## Aim of the exercise
In the data below, find the line that contains "6 Spaulding Ave, Scituate, MA 02066" and the line that contains "Pfaff Ambition 610 Blue Sewing Machine". Copy both, plus every line between them, exactly.

## Dataset
•••
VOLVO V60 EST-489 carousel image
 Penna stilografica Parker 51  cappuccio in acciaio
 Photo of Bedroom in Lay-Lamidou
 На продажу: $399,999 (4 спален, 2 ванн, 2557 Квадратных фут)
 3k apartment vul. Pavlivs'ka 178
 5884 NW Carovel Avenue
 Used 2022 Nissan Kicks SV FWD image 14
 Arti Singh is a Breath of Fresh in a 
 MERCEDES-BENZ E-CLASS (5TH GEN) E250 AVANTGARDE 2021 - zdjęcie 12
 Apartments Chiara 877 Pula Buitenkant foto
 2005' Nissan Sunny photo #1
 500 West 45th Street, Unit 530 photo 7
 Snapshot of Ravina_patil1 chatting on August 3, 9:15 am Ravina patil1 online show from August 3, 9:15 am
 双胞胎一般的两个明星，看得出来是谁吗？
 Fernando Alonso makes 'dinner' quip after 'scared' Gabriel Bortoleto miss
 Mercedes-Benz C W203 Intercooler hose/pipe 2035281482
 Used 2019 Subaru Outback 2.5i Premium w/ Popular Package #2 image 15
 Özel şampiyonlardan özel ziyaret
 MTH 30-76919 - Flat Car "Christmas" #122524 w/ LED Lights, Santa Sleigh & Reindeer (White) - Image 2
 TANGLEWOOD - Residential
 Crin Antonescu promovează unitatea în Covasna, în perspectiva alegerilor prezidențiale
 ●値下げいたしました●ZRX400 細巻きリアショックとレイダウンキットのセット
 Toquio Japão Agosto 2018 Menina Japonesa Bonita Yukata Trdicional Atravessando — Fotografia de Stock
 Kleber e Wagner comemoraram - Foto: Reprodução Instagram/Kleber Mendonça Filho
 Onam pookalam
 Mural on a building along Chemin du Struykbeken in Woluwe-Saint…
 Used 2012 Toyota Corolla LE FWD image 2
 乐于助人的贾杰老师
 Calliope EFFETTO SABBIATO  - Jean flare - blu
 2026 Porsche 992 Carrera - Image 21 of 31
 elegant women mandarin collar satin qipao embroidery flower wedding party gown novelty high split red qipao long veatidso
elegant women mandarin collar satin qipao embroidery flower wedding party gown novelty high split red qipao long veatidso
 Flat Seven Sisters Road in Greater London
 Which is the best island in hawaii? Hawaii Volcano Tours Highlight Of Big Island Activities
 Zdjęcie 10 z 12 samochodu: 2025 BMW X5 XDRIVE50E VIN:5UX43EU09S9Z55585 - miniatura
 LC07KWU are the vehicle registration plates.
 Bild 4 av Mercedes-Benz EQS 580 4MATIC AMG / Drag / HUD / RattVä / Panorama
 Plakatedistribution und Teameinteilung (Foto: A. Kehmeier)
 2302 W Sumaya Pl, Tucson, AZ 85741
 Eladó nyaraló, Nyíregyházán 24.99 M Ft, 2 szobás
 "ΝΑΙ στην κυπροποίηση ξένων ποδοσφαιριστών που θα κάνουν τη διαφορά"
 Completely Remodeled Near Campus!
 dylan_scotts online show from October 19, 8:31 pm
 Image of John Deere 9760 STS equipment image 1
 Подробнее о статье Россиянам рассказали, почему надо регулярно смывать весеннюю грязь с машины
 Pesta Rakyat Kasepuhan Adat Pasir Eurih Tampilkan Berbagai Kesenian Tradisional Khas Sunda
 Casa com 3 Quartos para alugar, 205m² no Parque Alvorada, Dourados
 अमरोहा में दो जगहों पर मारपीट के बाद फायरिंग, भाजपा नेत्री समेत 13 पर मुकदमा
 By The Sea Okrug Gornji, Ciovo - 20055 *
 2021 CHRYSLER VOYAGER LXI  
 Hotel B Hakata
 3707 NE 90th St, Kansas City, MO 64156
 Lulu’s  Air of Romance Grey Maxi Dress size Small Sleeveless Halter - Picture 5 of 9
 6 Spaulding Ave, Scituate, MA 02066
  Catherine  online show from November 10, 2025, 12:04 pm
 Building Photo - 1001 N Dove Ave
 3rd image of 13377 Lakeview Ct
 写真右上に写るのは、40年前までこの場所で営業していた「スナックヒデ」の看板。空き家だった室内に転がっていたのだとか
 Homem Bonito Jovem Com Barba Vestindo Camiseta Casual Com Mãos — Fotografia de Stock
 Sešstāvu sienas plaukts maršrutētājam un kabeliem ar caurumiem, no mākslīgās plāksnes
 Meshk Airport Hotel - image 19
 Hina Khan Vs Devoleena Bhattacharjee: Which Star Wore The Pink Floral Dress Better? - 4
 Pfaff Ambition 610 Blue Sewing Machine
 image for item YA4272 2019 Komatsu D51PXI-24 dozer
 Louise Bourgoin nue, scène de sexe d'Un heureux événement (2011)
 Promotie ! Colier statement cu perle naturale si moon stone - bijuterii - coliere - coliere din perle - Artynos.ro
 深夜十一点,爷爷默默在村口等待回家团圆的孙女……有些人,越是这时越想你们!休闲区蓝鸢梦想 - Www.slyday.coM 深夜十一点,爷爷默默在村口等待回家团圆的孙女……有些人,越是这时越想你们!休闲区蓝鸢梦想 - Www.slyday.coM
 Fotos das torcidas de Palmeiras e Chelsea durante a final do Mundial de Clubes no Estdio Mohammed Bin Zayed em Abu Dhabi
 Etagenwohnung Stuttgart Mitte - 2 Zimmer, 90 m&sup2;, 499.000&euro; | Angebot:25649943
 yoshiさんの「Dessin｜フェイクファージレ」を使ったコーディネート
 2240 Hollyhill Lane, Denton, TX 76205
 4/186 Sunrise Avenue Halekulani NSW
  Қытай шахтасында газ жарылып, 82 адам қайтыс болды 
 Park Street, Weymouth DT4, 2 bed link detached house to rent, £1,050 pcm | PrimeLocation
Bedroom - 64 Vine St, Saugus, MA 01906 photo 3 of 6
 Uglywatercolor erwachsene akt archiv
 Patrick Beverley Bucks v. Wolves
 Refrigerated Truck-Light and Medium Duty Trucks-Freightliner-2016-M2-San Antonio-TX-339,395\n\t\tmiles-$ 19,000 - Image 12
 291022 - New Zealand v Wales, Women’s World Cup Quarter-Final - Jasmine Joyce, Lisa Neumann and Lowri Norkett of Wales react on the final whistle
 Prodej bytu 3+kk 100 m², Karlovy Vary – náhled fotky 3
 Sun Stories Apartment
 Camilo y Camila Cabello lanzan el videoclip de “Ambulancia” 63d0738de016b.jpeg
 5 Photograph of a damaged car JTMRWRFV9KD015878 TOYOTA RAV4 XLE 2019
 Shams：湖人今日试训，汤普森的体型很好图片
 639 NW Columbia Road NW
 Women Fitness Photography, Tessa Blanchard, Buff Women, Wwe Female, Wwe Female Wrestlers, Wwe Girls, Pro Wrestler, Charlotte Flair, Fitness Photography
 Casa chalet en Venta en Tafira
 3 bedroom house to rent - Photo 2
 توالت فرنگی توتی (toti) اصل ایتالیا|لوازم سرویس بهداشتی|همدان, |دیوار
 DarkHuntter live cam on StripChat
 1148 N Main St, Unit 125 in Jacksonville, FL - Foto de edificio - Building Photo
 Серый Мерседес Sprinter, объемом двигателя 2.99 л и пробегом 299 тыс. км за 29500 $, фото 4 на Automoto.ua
•••
## Response to the task
 6 Spaulding Ave, Scituate, MA 02066
  Catherine  online show from November 10, 2025, 12:04 pm
 Building Photo - 1001 N Dove Ave
 3rd image of 13377 Lakeview Ct
 写真右上に写るのは、40年前までこの場所で営業していた「スナックヒデ」の看板。空き家だった室内に転がっていたのだとか
 Homem Bonito Jovem Com Barba Vestindo Camiseta Casual Com Mãos — Fotografia de Stock
 Sešstāvu sienas plaukts maršrutētājam un kabeliem ar caurumiem, no mākslīgās plāksnes
 Meshk Airport Hotel - image 19
 Hina Khan Vs Devoleena Bhattacharjee: Which Star Wore The Pink Floral Dress Better? - 4
 Pfaff Ambition 610 Blue Sewing Machine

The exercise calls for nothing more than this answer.